Your task -> Look for the line with "Из Киева в Дебальцево"; please transcribe it and every later line in the entries exactly, up to the end, leaving pictures out.

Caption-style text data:
--- --- ---

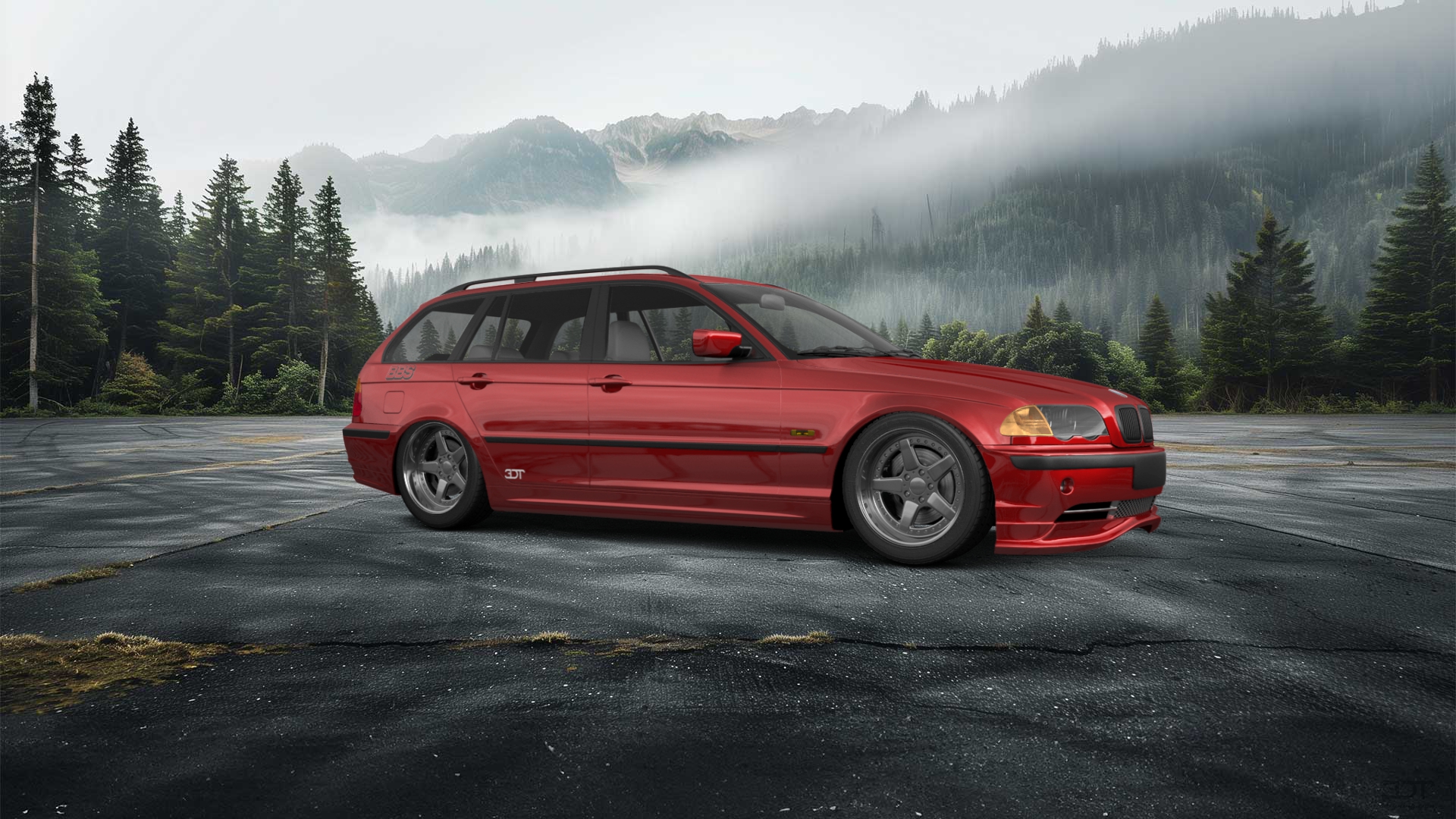 BMW 3 Series Touring 2000 tuning
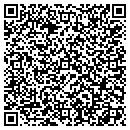 QR code with K T Deli contacts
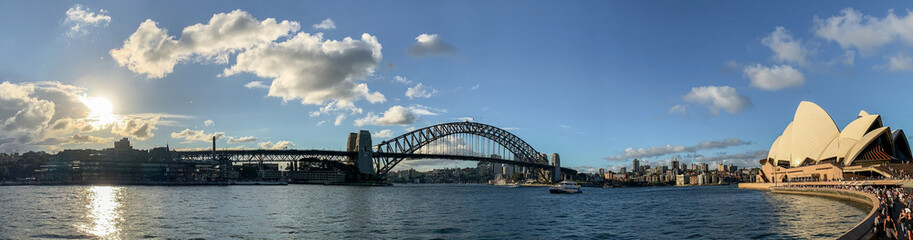 Fototapeta premium 世界周遊 オーストラリア シドニー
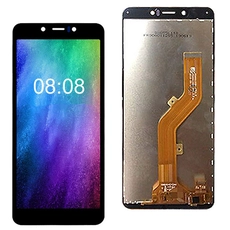 Çin Toptan ITEL P33 için LCD Telefon LCD Ekran Dokunmatik Ekran Digitizer Meclisi Değiştirme üretici firma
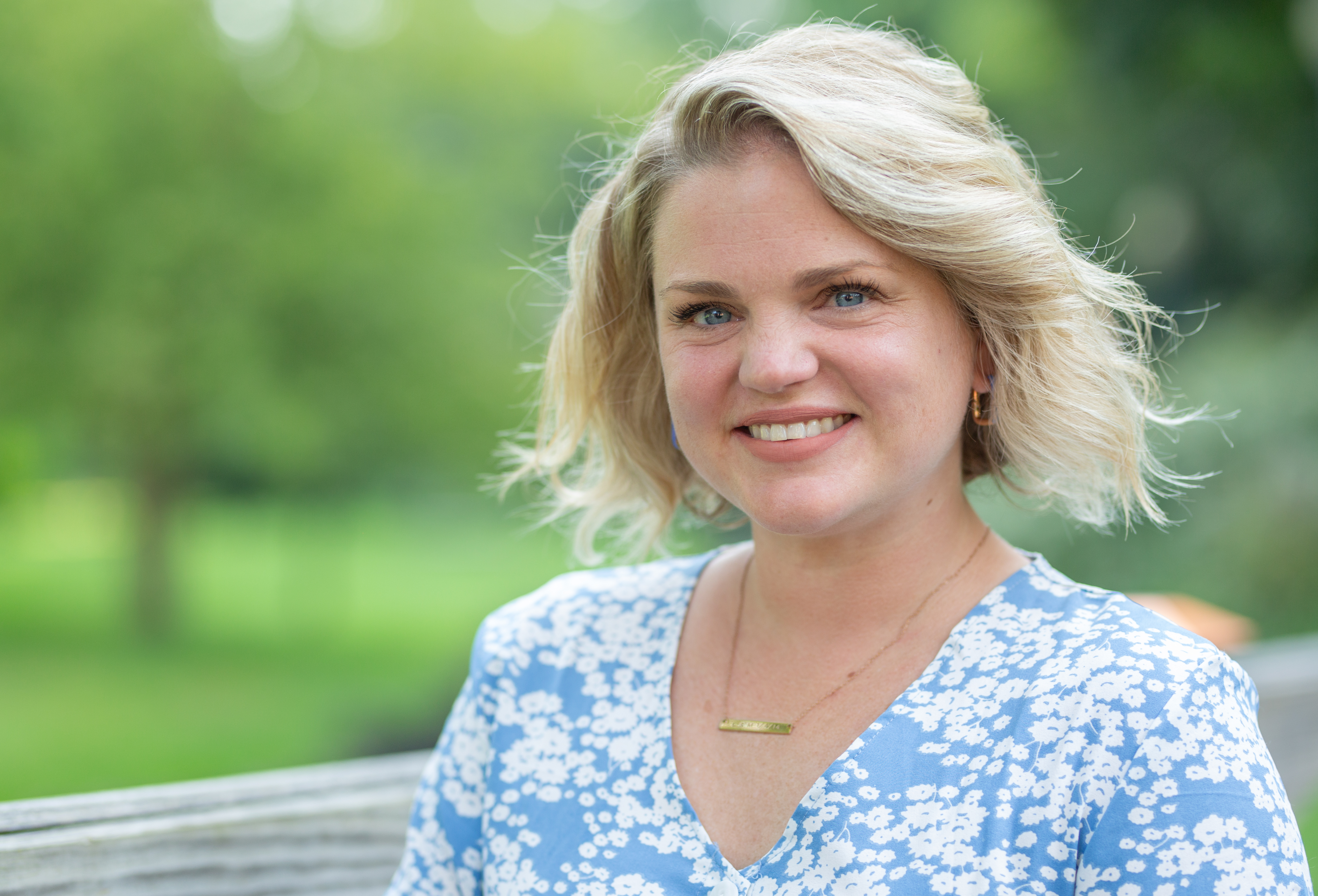 professional portrait of professor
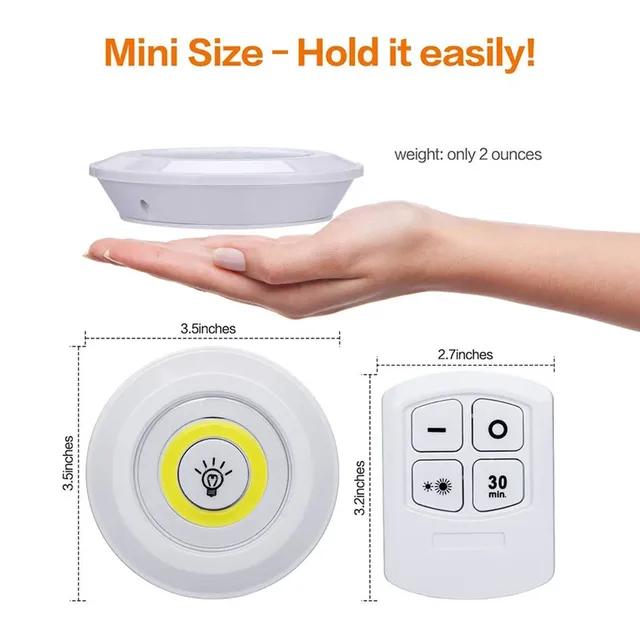 Lumière LED sans fil intelligente cuisine sous meubles… – vue 6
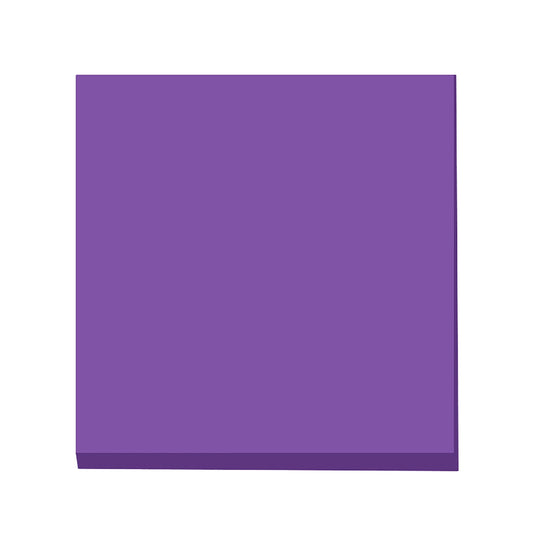 1 Pack Premium Multi-Use Sticky Notes 3x3 in Post Bright Stickies Colorful Super Sticking Power Memo Pads, V1189-LWWAL-20260401-06328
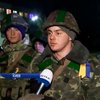 Из Киева в Дебальцево отправились 40 военных с патриотическими оберегами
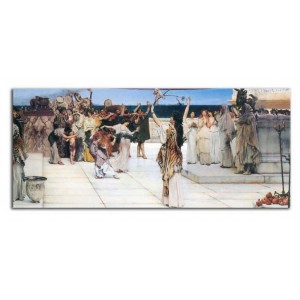 Lawrence Alma-Tadema - Oddani Bakchusowi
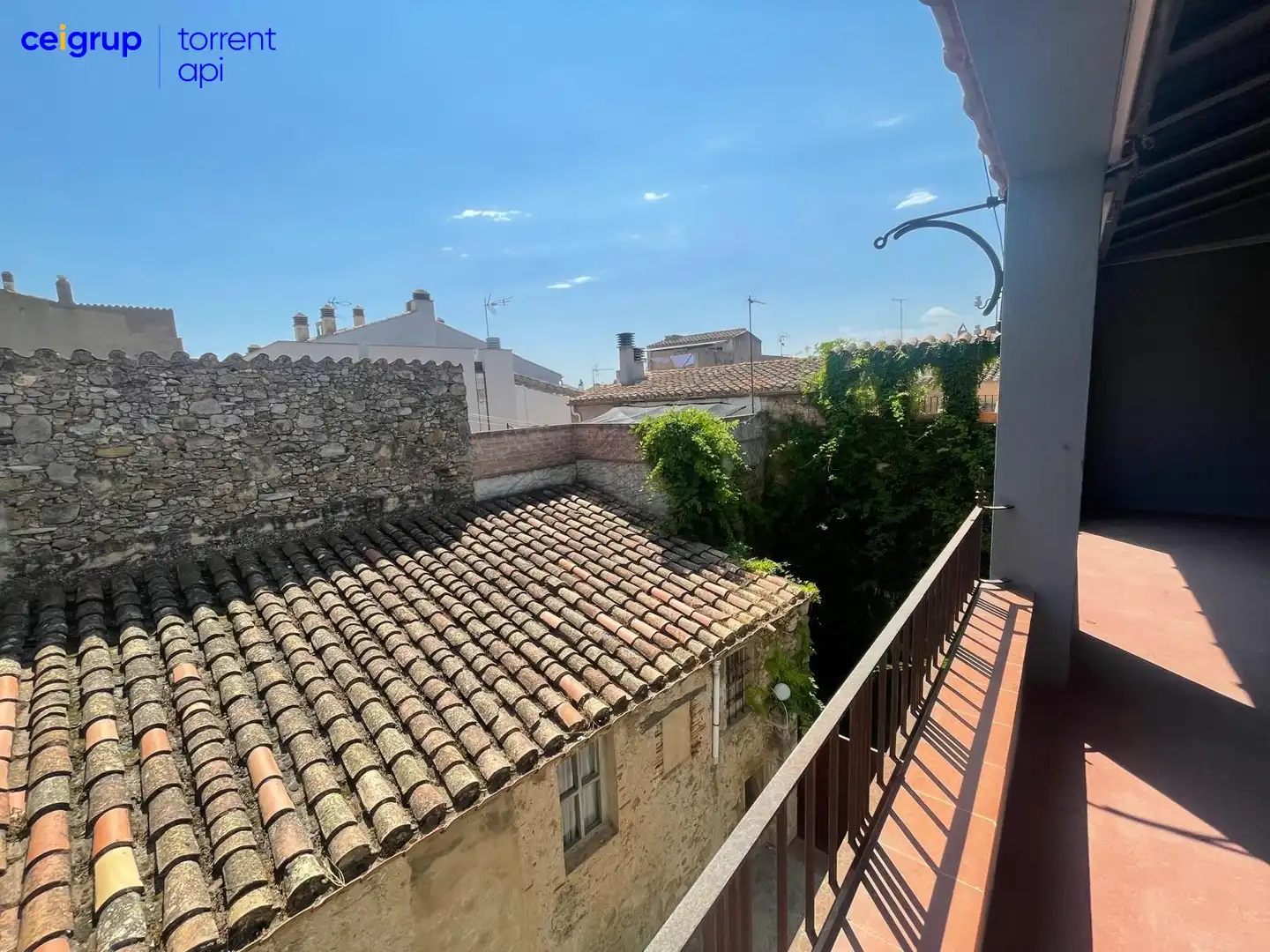 Terrassa de Casa adosada de lloguer en Torroella de Montgrí amb Calefacció i Terrassa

--- --- ---

Response area ->
 Из Киева в Дебальцево отправились 40 военных с патриотическими оберегами
 Lawrence Alma-Tadema - Oddani Bakchusowi
 Terrassa de Casa adosada de lloguer en Torroella de Montgrí amb Calefacció i Terrassa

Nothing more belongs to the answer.